Not an expert but right off the bat I can tell you friction would be one limiting factor. No friction in the void of space to slow momentum.

Rockets are pretty much perfectly inertial. Once they get up to speed, there are basically no moving parts or anything – they just keep going. The engines don’t even have to run for very long. Maybe a few weeks at most for an electric rocket engine, but usually on the order of minutes. Jets require turbine engines, which are under a lot of stress and have many moving parts at high temperature.

Because there is no air in space.

This is basically it.

Flying through air slows you down through wind resistance.

In space there isn’t really much to slow you down.

In space any little bit of extra engine use adds to your speed.

In the air you need to constantly run your engine just to keep moving at the same speed.

In space once you are in motion, you will stay that way. A spacecraft on some course will keeping going at that speed and course forever unless some outside force acts on it. Spacecraft can basically cost at a constant speed towards their destination without having to burn any fuel.

On earth you are constantly being slowed down by friction. Air resistance means that if you stop your engine for a moment you will slow down. You can do clever tricks with gliding to use the air resistance to extend your range somewhat, but you can’t just keep going forever.

Another problem with air is that it really gets in the way if you are starting to really fast.

As you go faster and faster the friction from the air becomes more and more and you don’t just have to work harder and harder to keep going at that speed, the friction with the air also starts heating up your craft. If you go at speeds many, many times the speed of sound the heat from the friction becomes a real technical problem, which is why spacecraft returning to earth and entering the atmosphere at extremely high speeds get heated up so much that they are in danger of burning up.

Going fast in the air is hard and dangerous.

On the other hand going fast in space is almost required.

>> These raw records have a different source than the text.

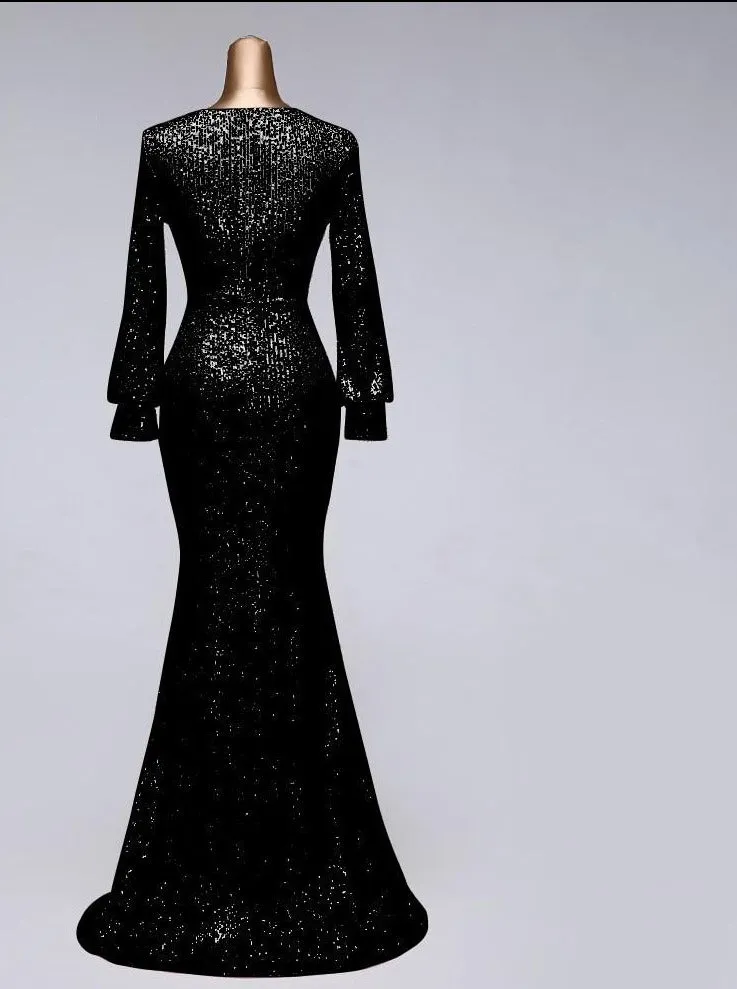 Sexy waist style long sleeve Sequin Evening Dress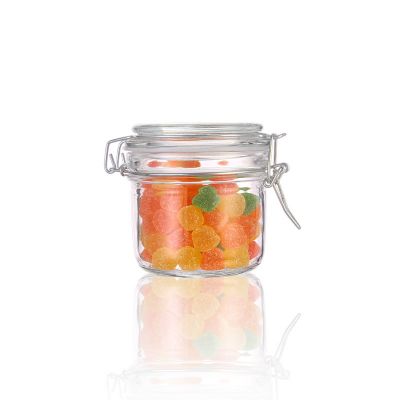 6 oz ounce 200ml wide mouth clear storage airtight glass jars with clip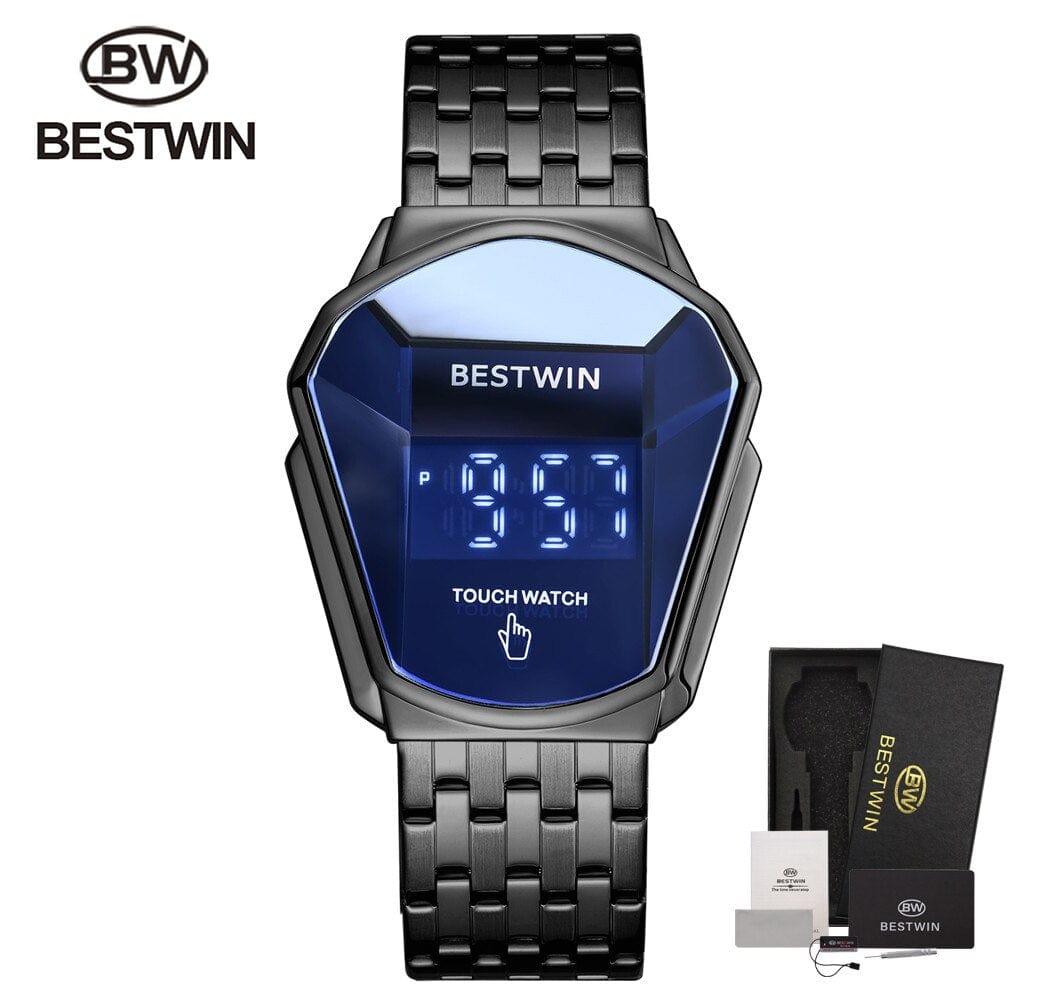 Men's Sport Digital Touch-Screen LED Steel Wristwatch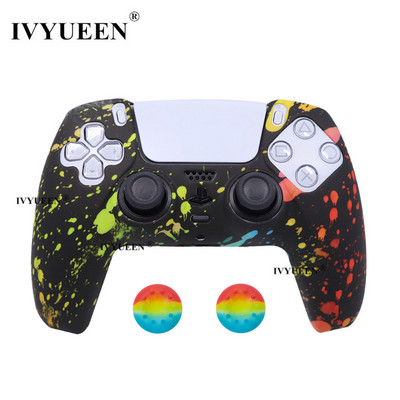 IVYUEEN Water Transfer Printing silikonska futrola za PlayStation 5 PS5 Controller Protection Skin for DualSense Gamepad Cover Grips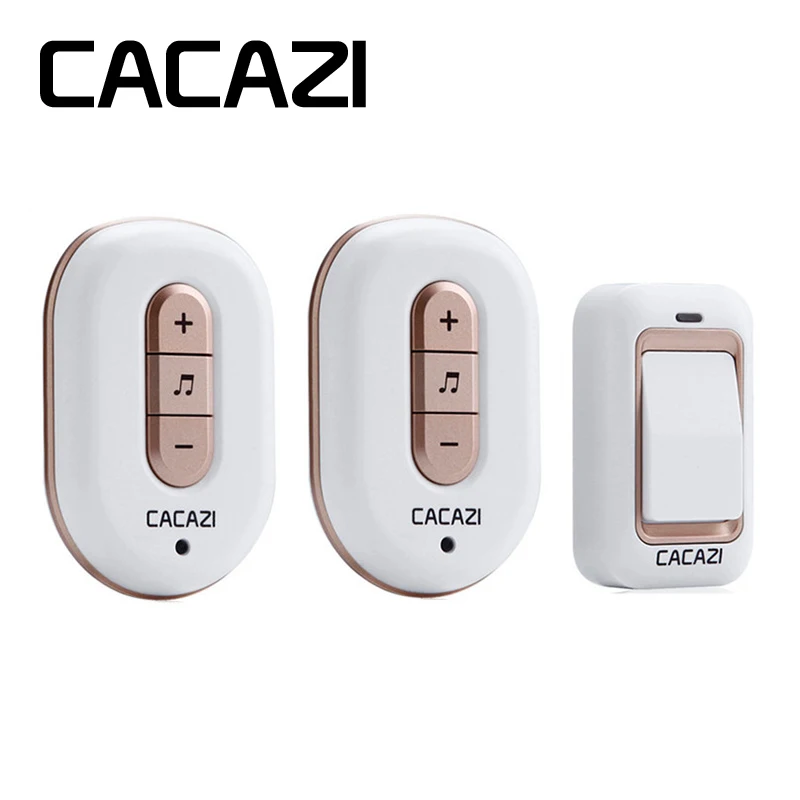 X8 1V2 gold CACAZI New Kinetic Electronic Wireless Doorbell Sefl Powered No Need Battery Led Light Door Bell With 2 Push Button+1 Bell - Цвет: X8 1V2 gold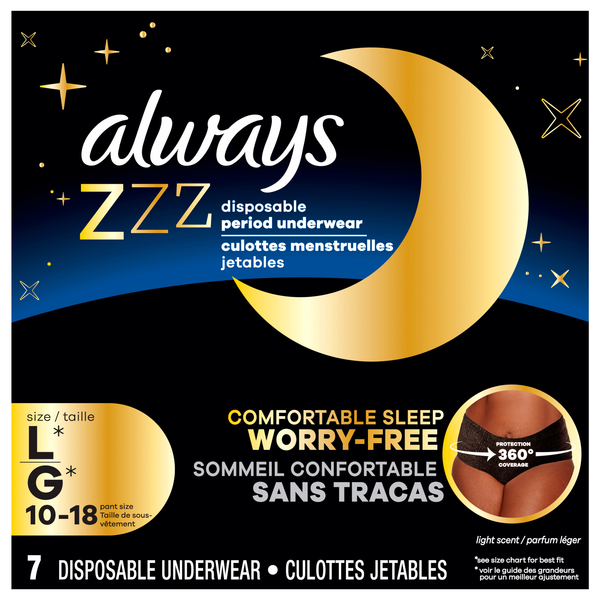 Always ZZZ Size L Light Scent Disposable Period Underwear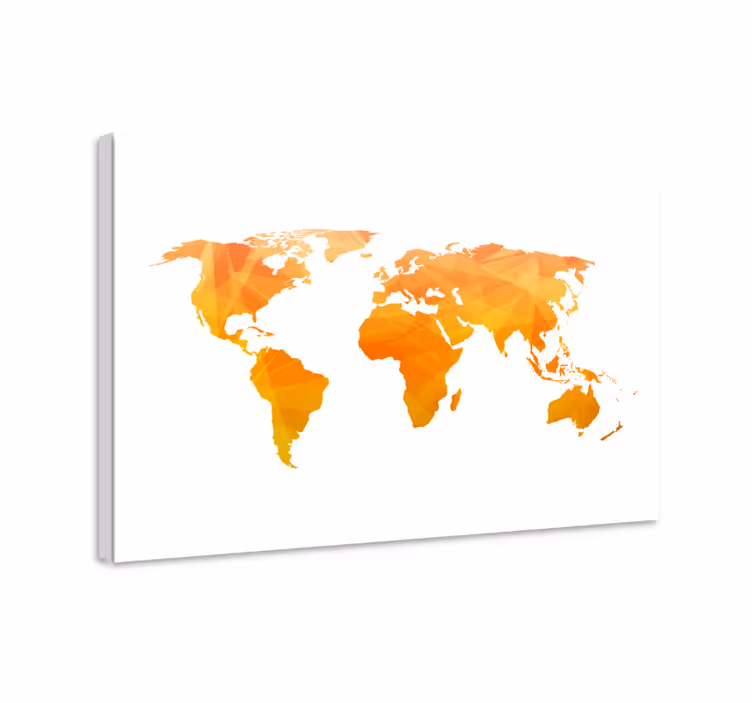 Wereldkaart canvas schilderij abstract geometrische wereld - TenStickers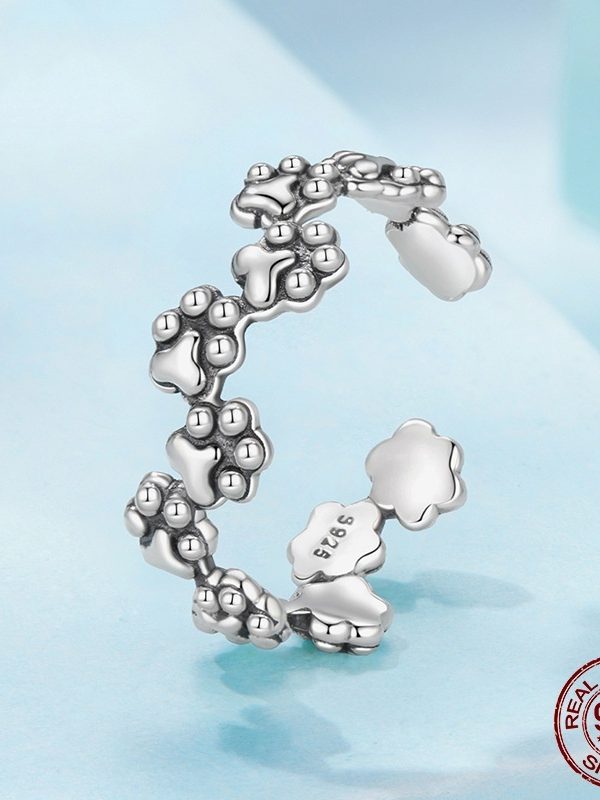 خاتم فضة إسترليني عيار 925 بتصميم عتيق على شكل طبعة مخلب قطة مفتوحة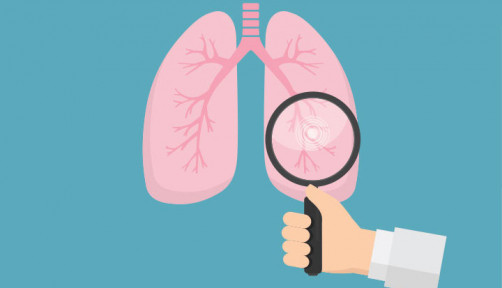 illustration magnifying glass examining lungs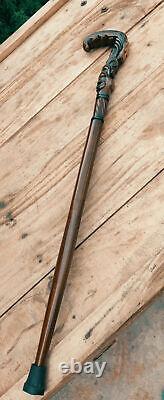 Walking Stick, Christian Wooden Cross Walking Cane Handcrafted Carved Wood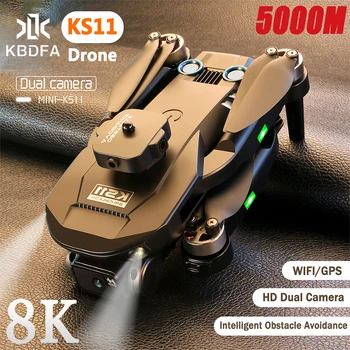 KBDFA KS11 8K HD كاميرا مزدوجة بدون طيار البصرية المهنية تدفق فرش للطي Quadcopter واي فاي FPV تجنب عقبة Dron لعبة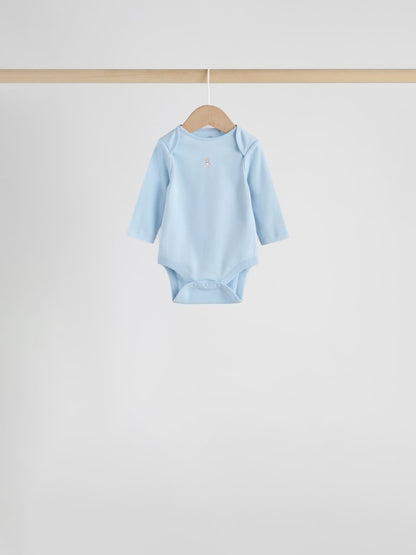 Blue 7 Pack Long Sleeved Baby Bear Bodysuit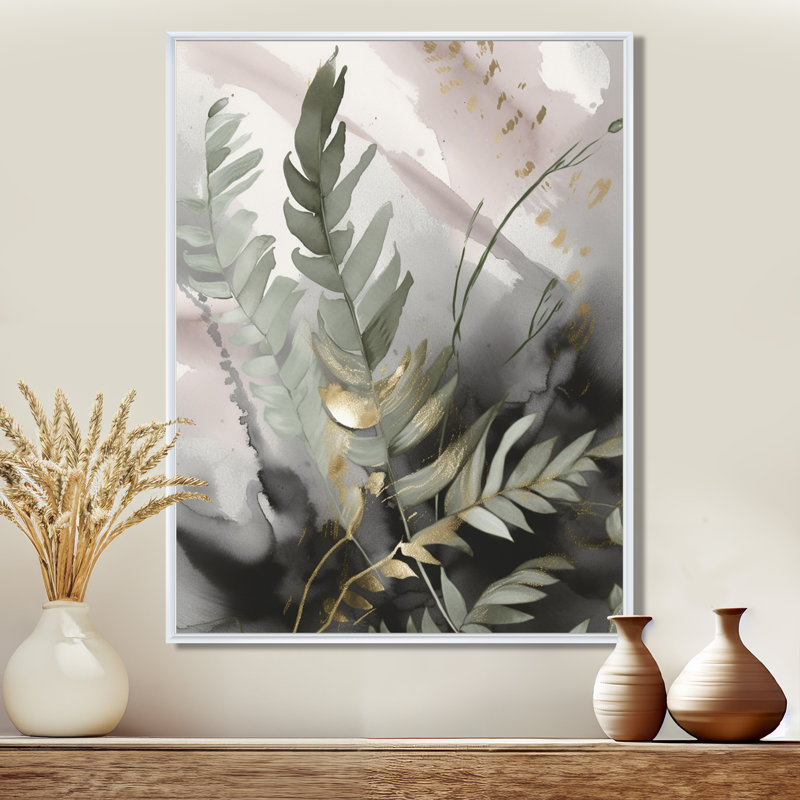 «Green Fern Whispers I», art mural fougères, H 32 po x l 16 po, Cadre flottant blanc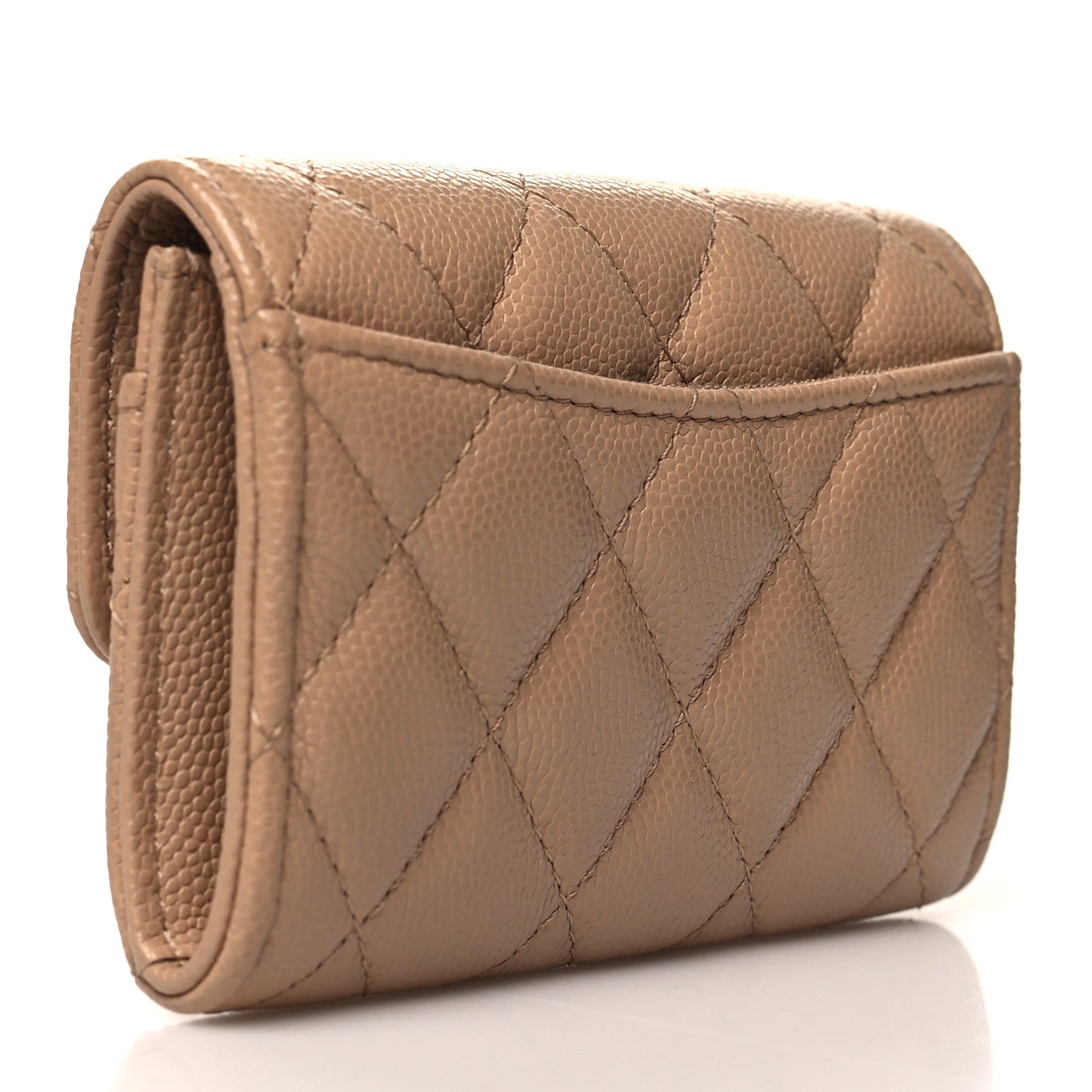 Chanel Caviar Quilted Flap Card Holder Wallet Beige 3 of 9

Technically if you reach an altitude of 100km above the ground you have reached space. But if you want to to stay there instead of simply falling back down to earth you either have too keep running your engines the entire time or you have to enter into an orbit.

An orbit is basically going so fast sideways that you continue to miss the ground as you fall down. If you are in orbit you won’t have to run any engine or anything you just stay where you are at more or less the same altitude or speed you have (at least for circular orbits).

However orbits require orbital speeds and those are really fast.

To stay in orbit a speed is required that you wouldn’t be able to achieve while in the atmosphere.

The Space Station goes around the earth at what would be something like two dozen times the speed of sound in air near the ground.

Such speeds are very hard to achieve and sustain inside the air and necessary to stay in orbit.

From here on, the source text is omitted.